RECORDED DATA:
────────

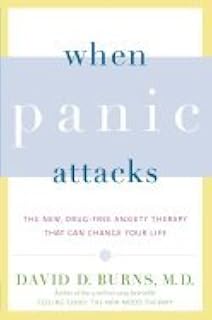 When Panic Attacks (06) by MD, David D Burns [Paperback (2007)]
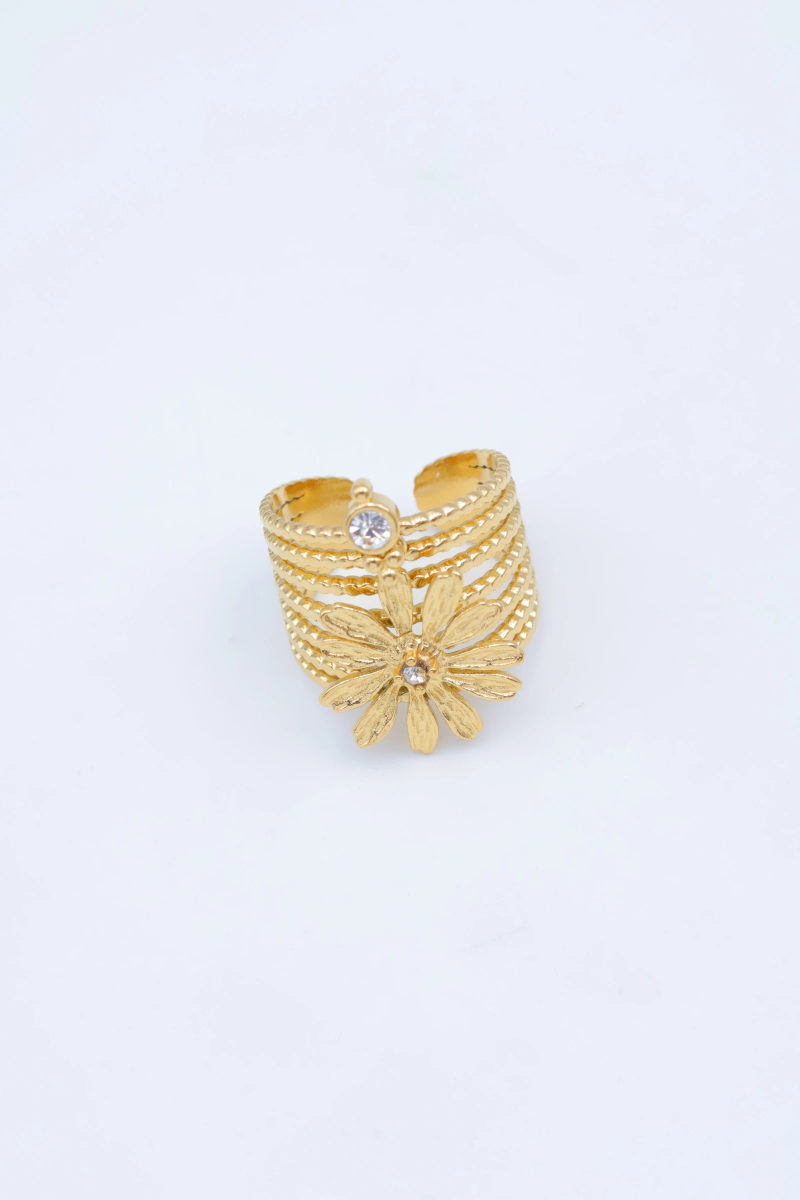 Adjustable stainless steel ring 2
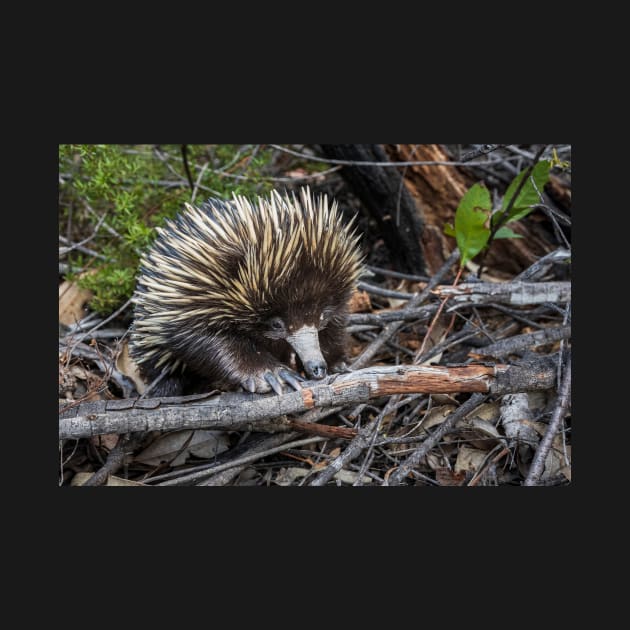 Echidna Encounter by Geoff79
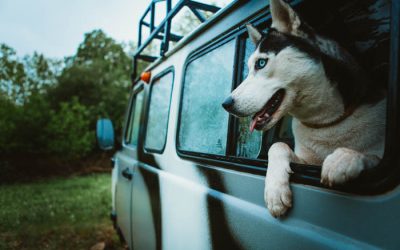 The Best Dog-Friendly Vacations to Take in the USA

────────

PROBLEM DESCRIPTION: Every line above needs to be written out again as it stands. Pictures do not belong in the copy.

EXERCISE RESPONSE:
 When Panic Attacks (06) by MD, David D Burns [Paperback (2007)]
 Adjustable stainless steel ring 2
 Echidna Encounter by Geoff79
 The Best Dog-Friendly Vacations to Take in the USA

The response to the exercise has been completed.